Exercise description: Write out all of the entries below word for word.

Data to process Block Start

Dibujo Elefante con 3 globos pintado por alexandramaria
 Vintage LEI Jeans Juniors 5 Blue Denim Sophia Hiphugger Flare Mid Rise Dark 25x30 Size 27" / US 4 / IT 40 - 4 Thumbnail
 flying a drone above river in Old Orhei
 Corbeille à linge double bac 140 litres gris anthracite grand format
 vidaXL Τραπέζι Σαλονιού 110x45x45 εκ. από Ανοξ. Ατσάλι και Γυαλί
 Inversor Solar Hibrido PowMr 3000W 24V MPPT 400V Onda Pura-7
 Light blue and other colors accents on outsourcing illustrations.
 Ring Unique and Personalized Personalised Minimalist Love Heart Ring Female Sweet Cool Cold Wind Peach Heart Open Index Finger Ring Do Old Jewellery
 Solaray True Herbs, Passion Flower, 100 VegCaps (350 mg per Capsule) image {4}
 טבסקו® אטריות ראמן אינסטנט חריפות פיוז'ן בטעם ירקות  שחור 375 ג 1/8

Data to process Block End

Task answer:
Dibujo Elefante con 3 globos pintado por alexandramaria
 Vintage LEI Jeans Juniors 5 Blue Denim Sophia Hiphugger Flare Mid Rise Dark 25x30 Size 27" / US 4 / IT 40 - 4 Thumbnail
 flying a drone above river in Old Orhei
 Corbeille à linge double bac 140 litres gris anthracite grand format
 vidaXL Τραπέζι Σαλονιού 110x45x45 εκ. από Ανοξ. Ατσάλι και Γυαλί
 Inversor Solar Hibrido PowMr 3000W 24V MPPT 400V Onda Pura-7
 Light blue and other colors accents on outsourcing illustrations.
 Ring Unique and Personalized Personalised Minimalist Love Heart Ring Female Sweet Cool Cold Wind Peach Heart Open Index Finger Ring Do Old Jewellery
 Solaray True Herbs, Passion Flower, 100 VegCaps (350 mg per Capsule) image {4}
 טבסקו® אטריות ראמן אינסטנט חריפות פיוז'ן בטעם ירקות  שחור 375 ג 1/8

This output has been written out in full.